Sometimes we say, “Well, they were men of their time,” and there is an interesting tension between this idealized view of the Founding Fathers as almost divine figures and at the same time ones who couldn’t possibly have understood that slavery was wrong, or taken a real stance against it, or declared that women were equal human beings to men. We act as though those would have been crazy ideas.

There were people, of course, Abigail Adams maybe most famously, who pointed all this out at the time, both about slavery and about the tyranny of husbands over wives. She even used the term “tyrannical.”

That is really the structural, psychological, and sociological problem we’re dealing with: we have lived with this mythology for so long, and we don’t quite experience the cognitive dissonance that it ought to generate within us, because every word of the Constitution—­starting from this premise of “we the people”—is a lie.

lawrence lessig: There is a huge gap between the kind of democracy people want and the kind the Constitution and our political culture currently allow for.

One of the reasons for that gap is that we liberals have spent the past fifty years saying, “The way we should be tinkering and changing our Constitution is by getting lawyers before the Supreme Court who get nine justices to vote in the way we want them to vote.”

donna edwards: An obsession with appointing Supreme Court justices is what happens in an environment where the three branches of government are out of whack. The Executive has too much power; the Congress is sitting stalled for a whole host of systemic reasons; and the courts have been deeply politicized.

When those structures are out of whack, then it forces us legislators to cherry-pick the passages from the Constitution that work for us, because we know that the institution that’s supposed to uphold them isn’t functioning. Legislators can only hope a court will bypass all this other dysfunction in the other branches.

lessig: When there have been constitutional, grassroots movements, movements that have tried to say, “We should be involved in making our Constitution reflect us,” there have been organized efforts, on the left especially, to say, “Shut up. Get out. This is not for you; it’s for the experts. It would be disastrous if the people got close to touching their own Constitution! It would be ­chaos.”

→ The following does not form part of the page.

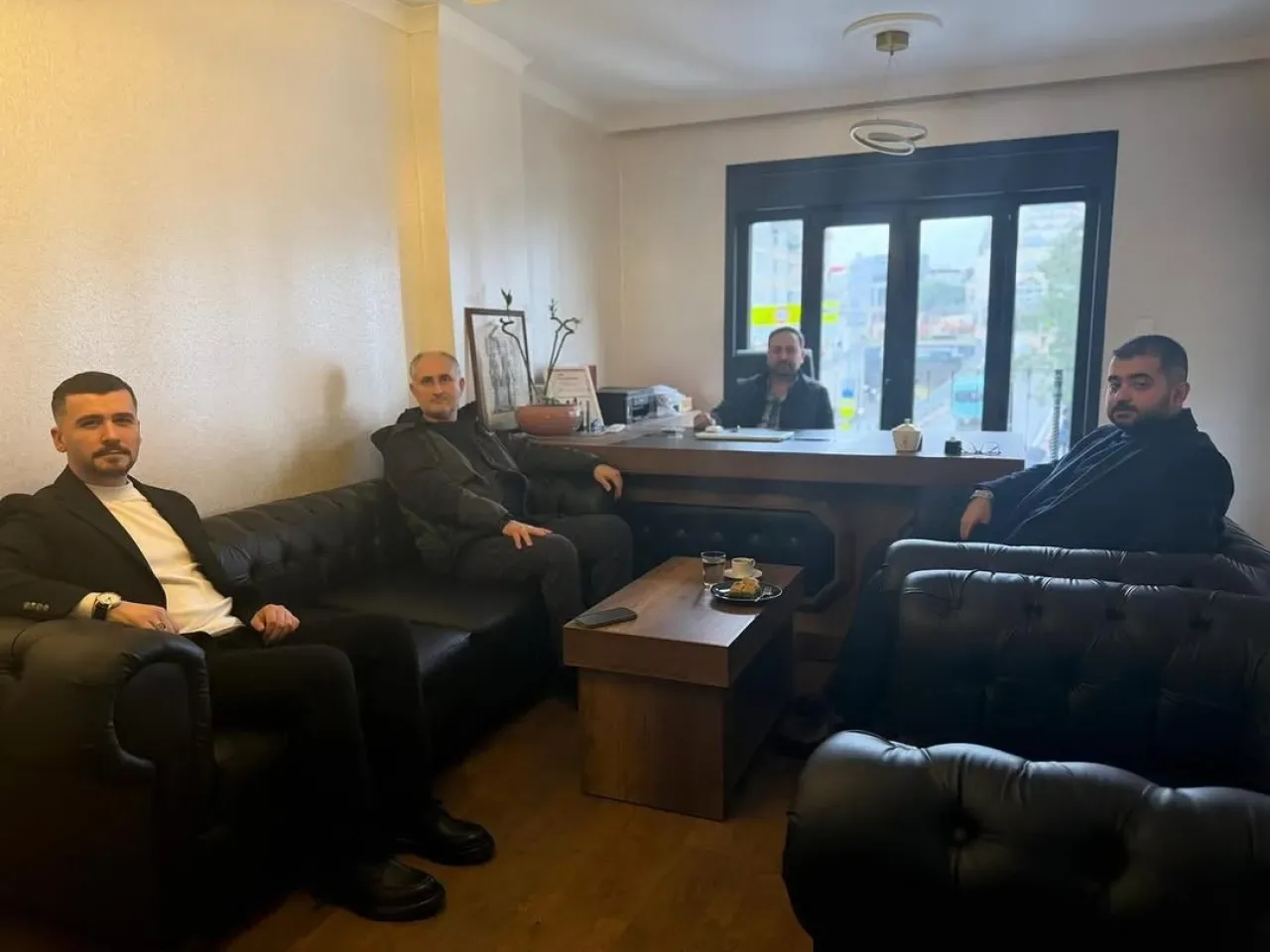 MHP Maltepe'den Komşu Ziyareti: "Derdin Derdimizdir" MHP Maltepe'den Komşu Ziyareti: "Derdin Derdimizdir"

So I think one of the really important questions is: Do you expect people to rally around a document that has no connection to the democracy of today, or yesterday, or even forty years ago? When was the last time we had a political movement that manifested itself in a change in the Constitution that allowed us to say, “This is ours; this is our part”?

“we have a president who treats the constitution like a dirty limerick”

brooks: In the context of the Trump presidency, there is a renewed interest among ordinary Americans and journalists in the Constitution. I am constantly being asked by non-­lawyer friends, “Are we in a constitutional crisis?” Or, “Is it unconstitutional for Donald Trump to declare a national emergency to get funding to build a border wall?”

I’m always a little torn about how to answer. You could perhaps make an argument that it’s perfectly constitutional for Trump to declare a national emergency and build a border wall or ignore the courts and add a citizenship question to the census. But part of my lawyer brain wants to say, “Well, what do you mean by ‘constitutional crisis?’ ” And another part of me wants to say, “Those are irrelevant, stupid questions.” I don’t really care whether or not it’s constitutional.

Why would that change anything for anyone? If we think something is evil and a bad idea, then it’s evil and a bad idea without regard to whether or not it is constitutional. Why should that have any relevance to a set of policy questions and moral questions that the United States is facing now?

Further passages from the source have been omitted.